*What is being asked*
Transcribe the listing from its top line through the line with "Jono Meko šimtmečiui". Keep it exact, both ends included, and add nothing.

*Record excerpts*
::::::

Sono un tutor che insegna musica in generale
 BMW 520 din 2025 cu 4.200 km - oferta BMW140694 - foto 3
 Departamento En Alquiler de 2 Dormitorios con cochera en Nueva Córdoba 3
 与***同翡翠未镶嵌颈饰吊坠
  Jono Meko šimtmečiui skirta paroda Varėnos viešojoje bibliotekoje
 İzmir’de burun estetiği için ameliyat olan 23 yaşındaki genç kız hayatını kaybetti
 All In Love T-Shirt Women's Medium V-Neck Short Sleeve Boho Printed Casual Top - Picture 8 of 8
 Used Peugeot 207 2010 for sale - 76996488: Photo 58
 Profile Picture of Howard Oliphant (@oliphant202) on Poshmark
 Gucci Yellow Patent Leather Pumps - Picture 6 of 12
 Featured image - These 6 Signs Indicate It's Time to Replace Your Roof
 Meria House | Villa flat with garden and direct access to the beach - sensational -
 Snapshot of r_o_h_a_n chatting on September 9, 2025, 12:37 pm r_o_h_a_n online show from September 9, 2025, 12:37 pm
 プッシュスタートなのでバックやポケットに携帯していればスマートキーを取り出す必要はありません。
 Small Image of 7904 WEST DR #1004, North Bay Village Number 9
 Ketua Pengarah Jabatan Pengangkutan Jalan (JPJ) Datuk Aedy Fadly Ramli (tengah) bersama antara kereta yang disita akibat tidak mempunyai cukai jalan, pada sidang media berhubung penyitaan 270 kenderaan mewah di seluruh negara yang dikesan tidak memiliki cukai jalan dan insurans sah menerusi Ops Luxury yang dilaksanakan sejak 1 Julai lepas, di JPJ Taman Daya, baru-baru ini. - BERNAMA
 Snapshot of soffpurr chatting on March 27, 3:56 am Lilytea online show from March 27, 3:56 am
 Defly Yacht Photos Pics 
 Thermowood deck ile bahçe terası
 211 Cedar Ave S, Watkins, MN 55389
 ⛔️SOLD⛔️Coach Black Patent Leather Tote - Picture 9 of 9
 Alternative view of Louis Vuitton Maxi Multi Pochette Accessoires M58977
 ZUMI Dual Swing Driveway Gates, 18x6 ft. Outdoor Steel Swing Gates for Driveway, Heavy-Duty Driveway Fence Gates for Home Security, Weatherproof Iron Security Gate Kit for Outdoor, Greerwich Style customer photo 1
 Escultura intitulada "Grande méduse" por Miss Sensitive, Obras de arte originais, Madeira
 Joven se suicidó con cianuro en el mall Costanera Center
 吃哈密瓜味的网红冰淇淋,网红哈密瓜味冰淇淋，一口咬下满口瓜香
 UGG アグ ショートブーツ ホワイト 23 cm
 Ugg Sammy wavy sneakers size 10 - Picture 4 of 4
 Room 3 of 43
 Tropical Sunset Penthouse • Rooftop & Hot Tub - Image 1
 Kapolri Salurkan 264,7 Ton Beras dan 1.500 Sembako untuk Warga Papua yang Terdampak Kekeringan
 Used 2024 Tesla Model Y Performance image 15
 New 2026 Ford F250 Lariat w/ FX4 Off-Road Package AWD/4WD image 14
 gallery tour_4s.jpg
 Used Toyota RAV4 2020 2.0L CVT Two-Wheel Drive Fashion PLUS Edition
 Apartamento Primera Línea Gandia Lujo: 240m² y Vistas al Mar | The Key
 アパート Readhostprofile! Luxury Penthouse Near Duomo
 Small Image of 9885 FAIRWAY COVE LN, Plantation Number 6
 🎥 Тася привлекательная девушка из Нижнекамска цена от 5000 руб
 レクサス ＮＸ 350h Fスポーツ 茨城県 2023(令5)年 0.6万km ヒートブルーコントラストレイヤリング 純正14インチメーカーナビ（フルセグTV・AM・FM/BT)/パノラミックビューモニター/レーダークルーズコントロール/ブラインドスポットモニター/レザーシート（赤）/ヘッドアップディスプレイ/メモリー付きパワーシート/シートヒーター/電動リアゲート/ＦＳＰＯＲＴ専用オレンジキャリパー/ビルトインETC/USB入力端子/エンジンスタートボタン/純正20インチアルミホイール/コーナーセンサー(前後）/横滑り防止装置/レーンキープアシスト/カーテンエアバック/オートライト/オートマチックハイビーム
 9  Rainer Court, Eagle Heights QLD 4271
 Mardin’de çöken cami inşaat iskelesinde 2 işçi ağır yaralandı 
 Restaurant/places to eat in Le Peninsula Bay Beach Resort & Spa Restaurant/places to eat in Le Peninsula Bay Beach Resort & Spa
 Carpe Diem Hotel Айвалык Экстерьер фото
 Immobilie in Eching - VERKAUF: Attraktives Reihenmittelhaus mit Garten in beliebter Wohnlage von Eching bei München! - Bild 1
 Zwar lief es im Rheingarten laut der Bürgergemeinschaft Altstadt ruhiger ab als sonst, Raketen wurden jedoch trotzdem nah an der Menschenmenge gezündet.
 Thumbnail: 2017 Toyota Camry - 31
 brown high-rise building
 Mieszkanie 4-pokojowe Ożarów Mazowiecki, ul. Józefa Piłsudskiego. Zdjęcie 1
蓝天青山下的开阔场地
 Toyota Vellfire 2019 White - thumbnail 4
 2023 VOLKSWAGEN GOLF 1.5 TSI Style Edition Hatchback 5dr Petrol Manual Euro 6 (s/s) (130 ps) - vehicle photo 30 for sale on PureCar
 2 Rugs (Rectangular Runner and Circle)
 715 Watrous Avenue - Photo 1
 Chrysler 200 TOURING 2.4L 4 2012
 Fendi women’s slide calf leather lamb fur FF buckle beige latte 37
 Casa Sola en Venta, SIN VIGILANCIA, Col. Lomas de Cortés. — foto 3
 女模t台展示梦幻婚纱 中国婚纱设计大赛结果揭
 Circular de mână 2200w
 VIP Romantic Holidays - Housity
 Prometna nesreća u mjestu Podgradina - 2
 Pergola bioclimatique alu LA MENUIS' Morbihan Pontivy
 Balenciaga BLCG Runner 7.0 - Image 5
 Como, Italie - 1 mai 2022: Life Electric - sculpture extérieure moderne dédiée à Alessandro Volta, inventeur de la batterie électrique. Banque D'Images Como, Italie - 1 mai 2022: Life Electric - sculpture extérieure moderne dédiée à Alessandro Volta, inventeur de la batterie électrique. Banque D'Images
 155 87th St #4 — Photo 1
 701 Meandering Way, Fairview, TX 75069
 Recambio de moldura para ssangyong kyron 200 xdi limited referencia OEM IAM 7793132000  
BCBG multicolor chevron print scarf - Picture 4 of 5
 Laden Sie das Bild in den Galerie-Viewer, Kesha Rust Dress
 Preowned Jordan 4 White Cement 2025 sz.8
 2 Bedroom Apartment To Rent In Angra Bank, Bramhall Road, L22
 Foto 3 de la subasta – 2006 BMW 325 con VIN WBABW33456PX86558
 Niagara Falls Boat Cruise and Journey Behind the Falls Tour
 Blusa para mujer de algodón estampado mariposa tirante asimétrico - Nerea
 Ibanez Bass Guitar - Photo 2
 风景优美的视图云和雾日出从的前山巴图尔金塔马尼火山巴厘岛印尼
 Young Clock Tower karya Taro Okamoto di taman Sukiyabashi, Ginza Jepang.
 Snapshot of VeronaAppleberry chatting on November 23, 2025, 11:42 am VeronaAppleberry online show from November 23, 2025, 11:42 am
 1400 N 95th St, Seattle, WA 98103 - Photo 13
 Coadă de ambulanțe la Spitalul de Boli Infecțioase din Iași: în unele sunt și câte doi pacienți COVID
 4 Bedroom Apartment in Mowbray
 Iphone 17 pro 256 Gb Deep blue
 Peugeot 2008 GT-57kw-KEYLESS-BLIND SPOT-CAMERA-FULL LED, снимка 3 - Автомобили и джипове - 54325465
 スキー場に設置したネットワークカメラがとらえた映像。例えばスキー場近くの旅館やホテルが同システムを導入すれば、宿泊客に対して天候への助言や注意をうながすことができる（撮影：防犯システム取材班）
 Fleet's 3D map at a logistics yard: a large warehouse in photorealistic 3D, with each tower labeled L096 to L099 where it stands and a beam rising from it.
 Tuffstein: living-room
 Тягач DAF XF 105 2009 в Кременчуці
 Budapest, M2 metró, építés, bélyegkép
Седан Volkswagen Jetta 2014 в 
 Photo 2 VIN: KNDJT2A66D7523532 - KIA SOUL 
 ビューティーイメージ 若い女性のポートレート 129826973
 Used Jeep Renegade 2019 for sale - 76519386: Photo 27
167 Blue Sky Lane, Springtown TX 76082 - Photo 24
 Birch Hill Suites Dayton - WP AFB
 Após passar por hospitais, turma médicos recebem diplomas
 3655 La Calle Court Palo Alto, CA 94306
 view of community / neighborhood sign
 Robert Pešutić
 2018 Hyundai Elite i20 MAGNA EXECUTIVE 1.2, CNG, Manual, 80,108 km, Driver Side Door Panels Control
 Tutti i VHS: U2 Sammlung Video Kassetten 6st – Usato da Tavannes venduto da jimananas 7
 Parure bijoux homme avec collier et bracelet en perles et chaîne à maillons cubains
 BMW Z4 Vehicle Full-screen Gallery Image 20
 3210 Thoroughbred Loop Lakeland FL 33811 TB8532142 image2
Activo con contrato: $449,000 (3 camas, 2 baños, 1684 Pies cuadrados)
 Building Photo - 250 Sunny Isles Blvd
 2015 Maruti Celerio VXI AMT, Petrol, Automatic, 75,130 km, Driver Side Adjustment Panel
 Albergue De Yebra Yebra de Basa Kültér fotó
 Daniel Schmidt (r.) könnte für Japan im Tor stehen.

::::::

*Output of the exercise*
Sono un tutor che insegna musica in generale
 BMW 520 din 2025 cu 4.200 km - oferta BMW140694 - foto 3
 Departamento En Alquiler de 2 Dormitorios con cochera en Nueva Córdoba 3
 与***同翡翠未镶嵌颈饰吊坠
  Jono Meko šimtmečiui skirta paroda Varėnos viešojoje bibliotekoje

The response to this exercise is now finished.